Gradient Descent and Backpropagation
In learning about machine learning for the first time, you also come across some fairly heavy terms that talk about the process of fine-tuning the results of a machine learning project.
“Gradient descent boosting” sounds obscure and esoteric. It's not a term that's easy to interpret, especially without certain kinds of scientific or mathematical background. Machine learning experts will say cryptically that engineers use a stochastic gradient descent process to calculate a loss function, which can sound like Greek to a lot of people.
At the same time, they'll talk about backpropagation as a way to enhance a feedforward neural network.
Here's the key thing to keep in mind – gradient descent and backpropagation are two terms for similar aspects of a process that can correct some innate errors in how machine learning does its job – or, you could say, it optimizes the results.

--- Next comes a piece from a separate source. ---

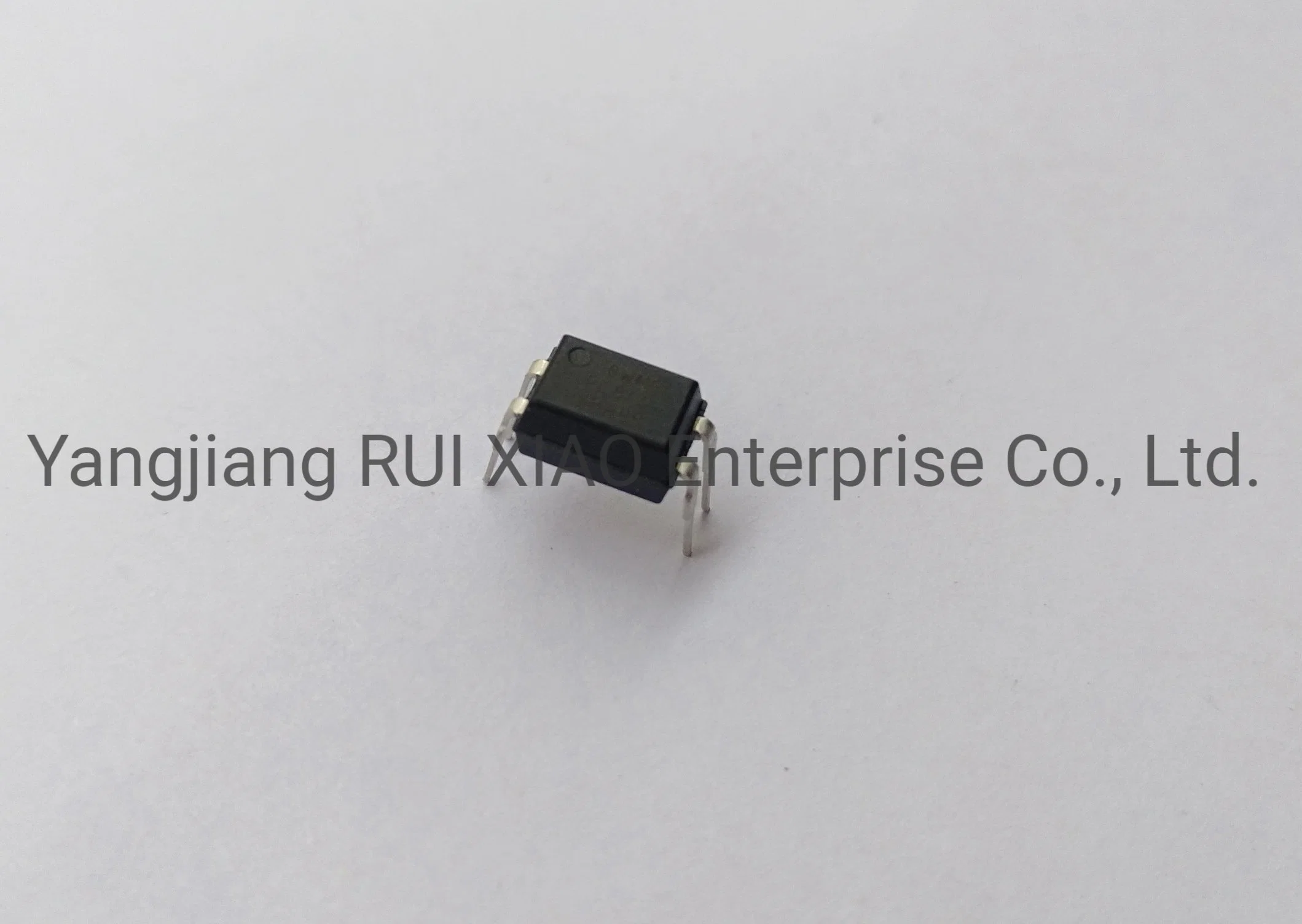 IC Optocoupler, Sharp, PC817/EL817, Computer, System Appliances, Measuring Instrument, Register, Copier, Automatic Vending, Home Appliance, Fan, Machine, Heater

Either way, the idea is that through algorithms, the technology is looking back at its original work, in order to improve it later. Backpropagation is sort of shorthand for “backward propagation of errors.” A backpropagation algorithm typically uses gradient descent.
So what do these algorithms do?
One of the simplest ways to explain backpropagation and gradient descent is that these algorithms change the weighted inputs, or the weights of the inputs in question.
Suppose a machine learning project gets its training set and then is let loose on a set of labeled data in a supervised learning project. Over time, engineers can see where maybe the wrong parts of an input were amplified, or how changes could make the system more precise. Using those particular algorithms on the process, the engineers change the input weights to maximize the accuracy of results.
You don't always get this from reading about gradient descent and backpropagation. There's a lot of inside baseball terminology and lingo that goes into discussing these processes. But for someone who is just starting to learn about machine learning, understanding that all of this technical-speak regards tweaking and changing weighted inputs can go a long way.